"Seek every ally you can find because success is rooted not only in performance but perception." - Innovating Women
|Jelly beans have nothing to do with mentorship... but they are delicious!|
Note: I am writing this from the perspective of a software developer, but this can be applied to other fields or situations as well.
WHAT? Mentorship? In the typical situation, a more senior or experienced professional will advise and mentor another less experienced professional. Ideally, there should be something you can learn from your mentor. I engage in technical discussions with my senior team members and learn technical skills from those around me, so I haven't relied much on my mentors for technical advice. This may differ for some people.
WHY? Why should you bother with mentorship? I can talk about my own experience of the tech industry and say that I would not be where I am today were it not for the mentors I had along the way.
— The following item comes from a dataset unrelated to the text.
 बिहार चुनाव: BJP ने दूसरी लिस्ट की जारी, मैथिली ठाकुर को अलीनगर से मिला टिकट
Not only were they able to provide insight from their own experiences, but they were able to give some perspective on some of the issues I have had to deal with in the tech industry. Also, alluding to the opening quote, mentors can be great advocates or allies.
WHEN? I believe we never stop learning and growing (unless we choose to stop, but c'mon, don't do that!). As such, it's always a good idea to have some form of mentorship at whatever rung on the career ladder. It's never too early to start looking for guidance from those with wisdom and experience.
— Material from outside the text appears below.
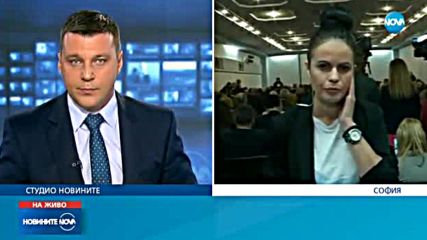 Новините на NOVA (14.10.2017 - обедна емисия)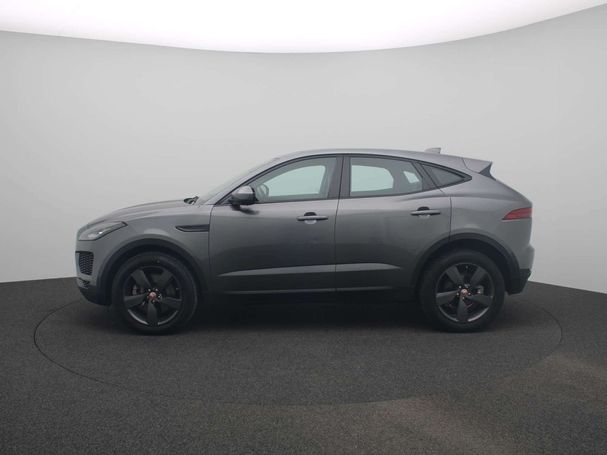 Jaguar E-Pace P200 AWD 147 kW image number 5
WHERE? Mentors don't have to be physically located in the same place as you, but obviously it makes meeting up much easier if they are. At the same time, it also helps to have a mentor that you don't work with too closely on a day-to-day basis as it allows them to be a bit more objective and gives you a chance to speak more freely.
WHO? This one can be tricky. Some organisations don't recognise any requirement for mentorship while others encourage mentorship and might even assign mentors to individuals. It can be difficult to identify potential mentors. Take the time to get to know some senior professionals or people you look up to at work. I prefer to have mentor relationships evolve organically - when you turn to a certain colleague or professional for advice or input because you respect their opinion, it's mentorship. Even if it's not official.
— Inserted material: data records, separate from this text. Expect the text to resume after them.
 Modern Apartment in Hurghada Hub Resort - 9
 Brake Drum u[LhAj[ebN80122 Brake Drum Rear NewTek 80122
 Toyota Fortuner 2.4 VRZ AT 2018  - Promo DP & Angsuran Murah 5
HOW? Some of the best advice I was given by one of my former mentors is that the mentee should be driving the mentor relationship. It does not help me to show up to a mentorship session with an attitude of "well, what can you do for me?" or even worse, "Entertain me!" Rather, approach the person you would like to have as a mentor and be honest about what you would like from the mentorship - this also gives them a chance to decline if they aren't able to or think they can't be of help to you. This may be intimidating, but the worst they can say is no.
And this brings me to my last point: mentorships aren't for life. Sometimes the mentorship is terminated when employees leave, but you don't have to wait for that to happen. At any time either the mentee or mentor should be able to walk away if it's not working out. Just be honest with each other.
I believe everyone can benefit from mentorship and that we should be doing more to encourage industry newcomers to seek out mentors.